Records –
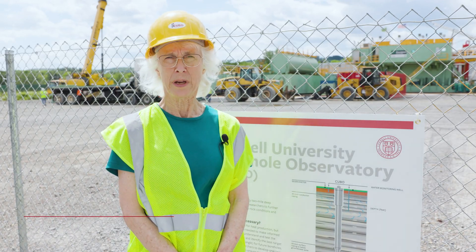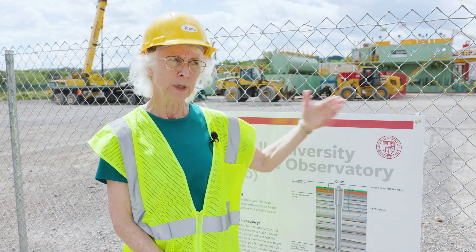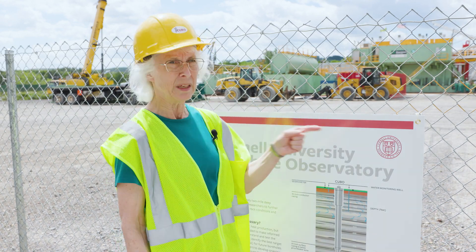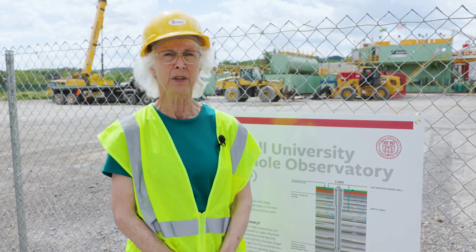Hello, I'm Professor Terry Jordan from the Department of Earth and Atmospheric Sciences at Cornell. I'm really excited that we have reached this stage in the Cornell University Borehole Observatory project. This week has been really big. They've assembled the drill rig so that we can begin to explore underground and find out whether geothermal energy is a possibility for Cornell.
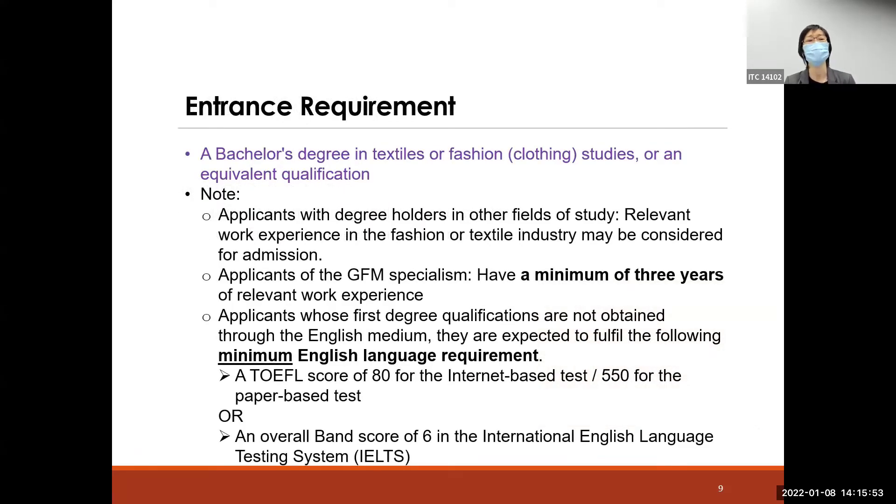The entrance requirements are straightforward: a bachelor's degree in textiles or fashion studies. If your degree is not in textiles or fashion, you may still apply as long as you have relevant work experience in the industry. For the GFM specialism, there is an additional requirement of a minimum of three years of relevant work experience to fulfill admission requirements.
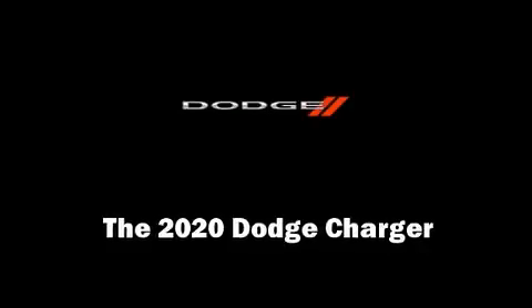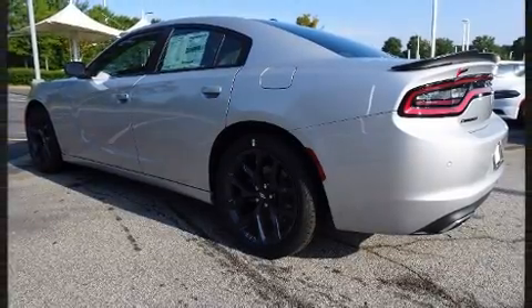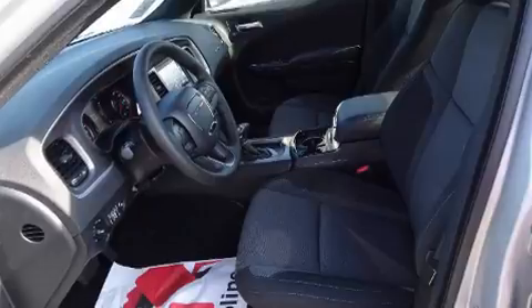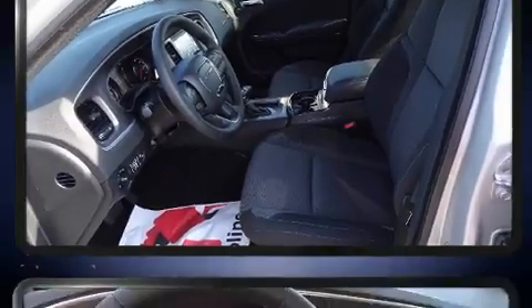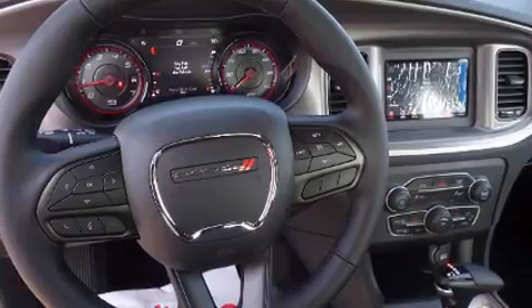Outstanding design defines the 2020 Dodge Charger. This four-door, five-passenger sedan offers the features and options for which you've been searching. Under the hood, you'll find a six-cylinder engine with more than 270 horsepower, providing a smooth and predictable driving experience.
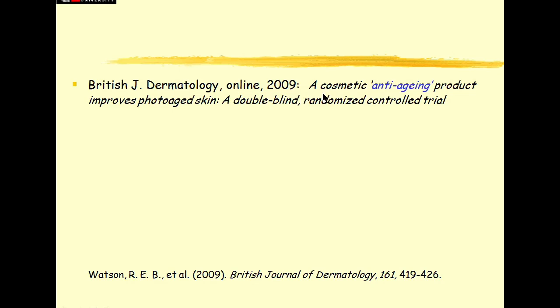A bit of a story this time, and us old wrinklies, it's especially apposite for us. It's all about intense beauty serum. There was a paper published online in 2009 in the British Journal of Dermatology called 'A Cosmetic Anti-Aging Product Improves Photo-Aged Skin: a double-blind randomized controlled trial.' That sounds seriously scientific. My wrinkles are getting a bit scared already.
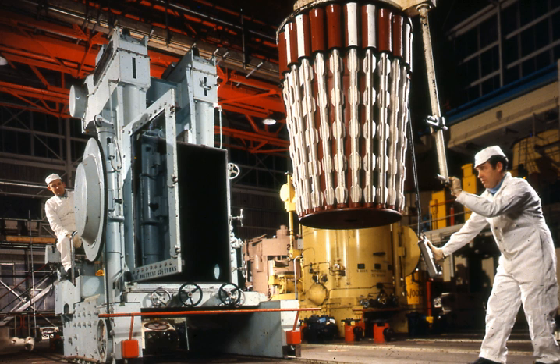In early operation it was found that there was significant oxidation of mild steel components by the high-temperature carbon dioxide coolant, requiring a reduction in operating temperature and power output. For example, the Latina reactor was derated in 1969 by 24%, from 210 MWE to 160 MWE, by the reduction of operating temperature from 390 to 360 degrees Celsius.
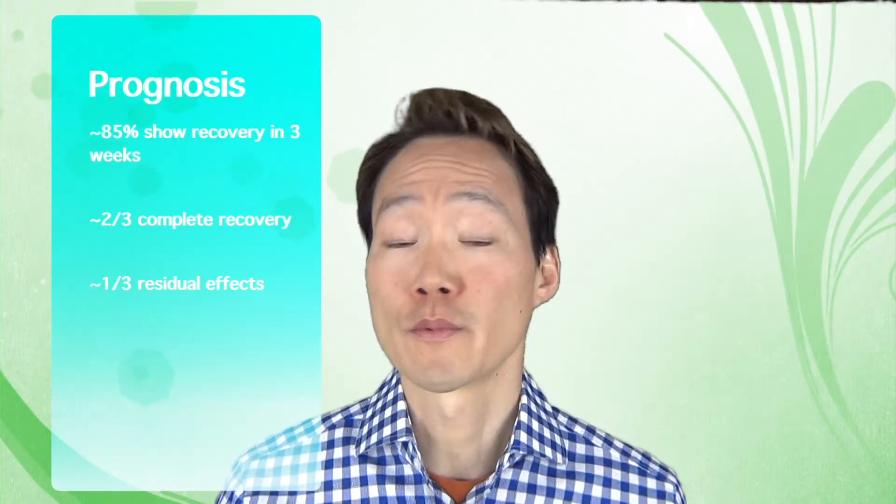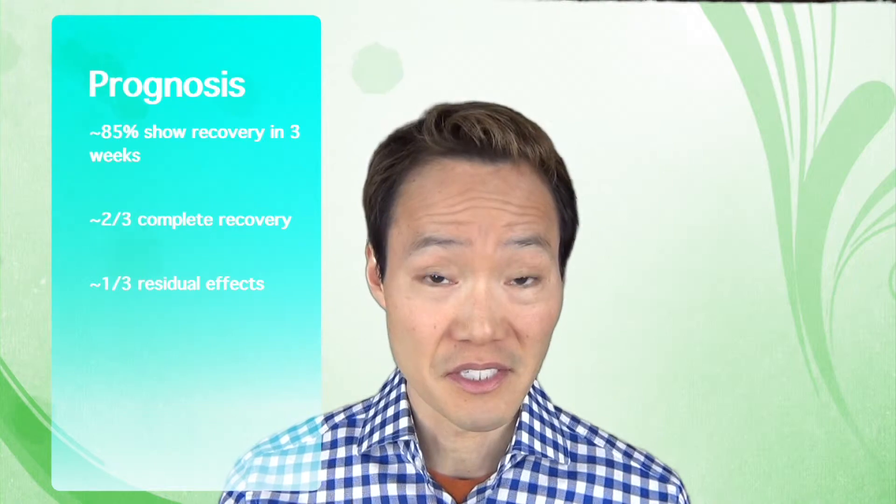Of course, everyone who has Bell's Palsy wants to know what their prognosis is. In general, almost everyone has some recovery within three weeks. For people with mild disease, they will probably fully recover. People with moderate disease will usually fully recover but it might take longer — up to six months. People who have severe problems at the very onset might not get full recovery.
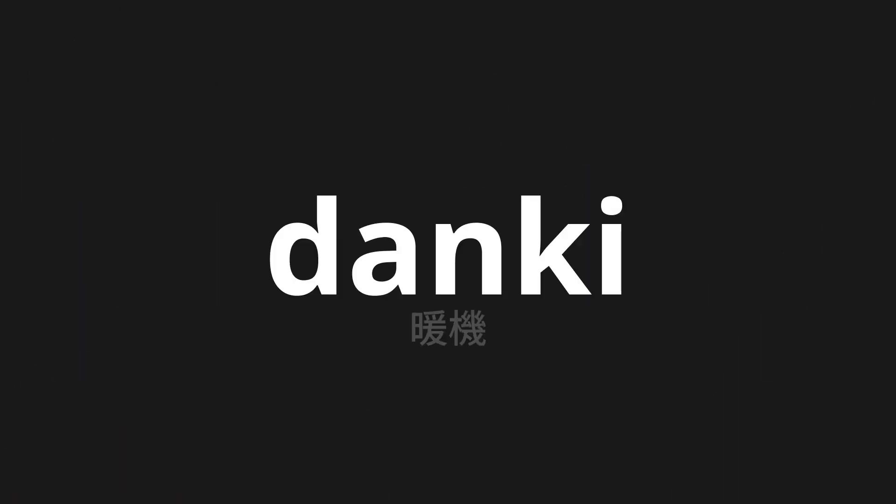Welcome to this pronunciation video. Today, we will be focusing on a new word that you might find challenging or intriguing. So let's dive into today's word: Danki, which means warm up in Japanese.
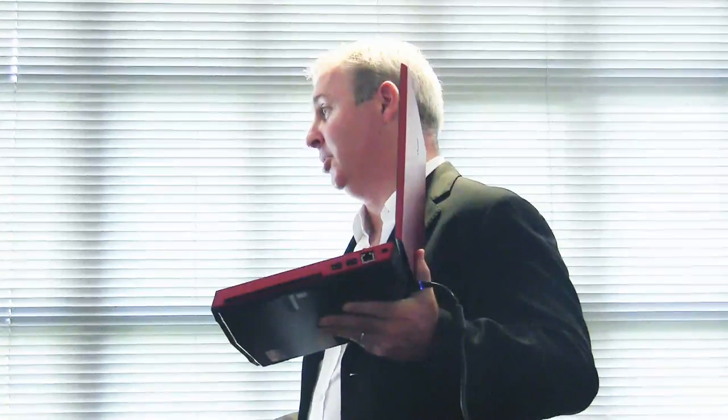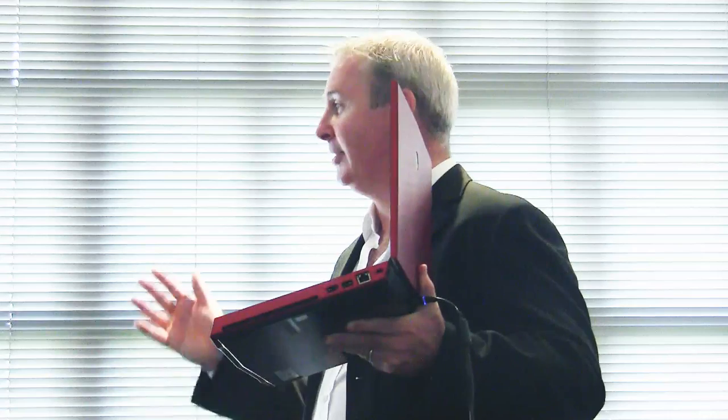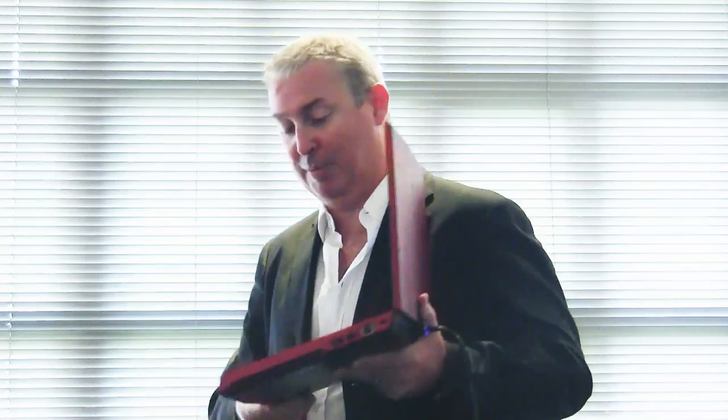We actually factory overclock our 18-inch notebook to 4 gigahertz — nobody in the world goes anywhere near that. Our 17-inch we factory overclock to about 3.5 gigahertz. It's kind of like driving from here to Cape Town at 100 kilometers an hour in second gear. If you did that with any other manufacturer, you'd blow the engine. We actually do that in the factory, and you're still in warranty if you overclock this to 4 gigahertz.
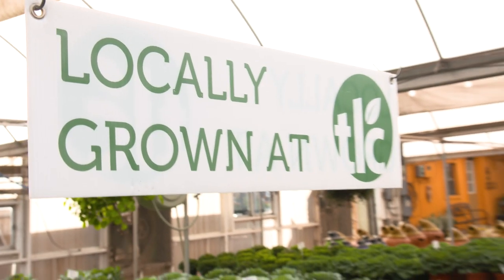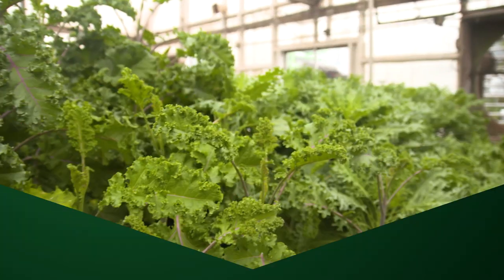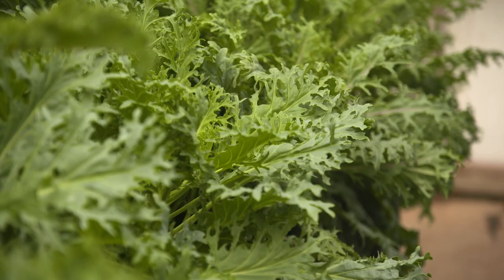Add texture to beds, pots or planters with ornamental cabbage or kale. As temperatures drop, their colors intensify. We have several varieties available of these cool season winners.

Action item – Retype everything in the entries above exactly. The pictures are to be omitted.

Task result –
Hello, I'm Professor Terry Jordan from the Department of Earth and Atmospheric Sciences at Cornell. I'm really excited that we have reached this stage in the Cornell University Borehole Observatory project. This week has been really big. They've assembled the drill rig so that we can begin to explore underground and find out whether geothermal energy is a possibility for Cornell.
The entrance requirements are straightforward: a bachelor's degree in textiles or fashion studies. If your degree is not in textiles or fashion, you may still apply as long as you have relevant work experience in the industry. For the GFM specialism, there is an additional requirement of a minimum of three years of relevant work experience to fulfill admission requirements.
Outstanding design defines the 2020 Dodge Charger. This four-door, five-passenger sedan offers the features and options for which you've been searching. Under the hood, you'll find a six-cylinder engine with more than 270 horsepower, providing a smooth and predictable driving experience.
A bit of a story this time, and us old wrinklies, it's especially apposite for us. It's all about intense beauty serum. There was a paper published online in 2009 in the British Journal of Dermatology called 'A Cosmetic Anti-Aging Product Improves Photo-Aged Skin: a double-blind randomized controlled trial.' That sounds seriously scientific. My wrinkles are getting a bit scared already.
In early operation it was found that there was significant oxidation of mild steel components by the high-temperature carbon dioxide coolant, requiring a reduction in operating temperature and power output. For example, the Latina reactor was derated in 1969 by 24%, from 210 MWE to 160 MWE, by the reduction of operating temperature from 390 to 360 degrees Celsius.
Of course, everyone who has Bell's Palsy wants to know what their prognosis is. In general, almost everyone has some recovery within three weeks. For people with mild disease, they will probably fully recover. People with moderate disease will usually fully recover but it might take longer — up to six months. People who have severe problems at the very onset might not get full recovery.
Welcome to this pronunciation video. Today, we will be focusing on a new word that you might find challenging or intriguing. So let's dive into today's word: Danki, which means warm up in Japanese.
We actually factory overclock our 18-inch notebook to 4 gigahertz — nobody in the world goes anywhere near that. Our 17-inch we factory overclock to about 3.5 gigahertz. It's kind of like driving from here to Cape Town at 100 kilometers an hour in second gear. If you did that with any other manufacturer, you'd blow the engine. We actually do that in the factory, and you're still in warranty if you overclock this to 4 gigahertz.
Add texture to beds, pots or planters with ornamental cabbage or kale. As temperatures drop, their colors intensify. We have several varieties available of these cool season winners.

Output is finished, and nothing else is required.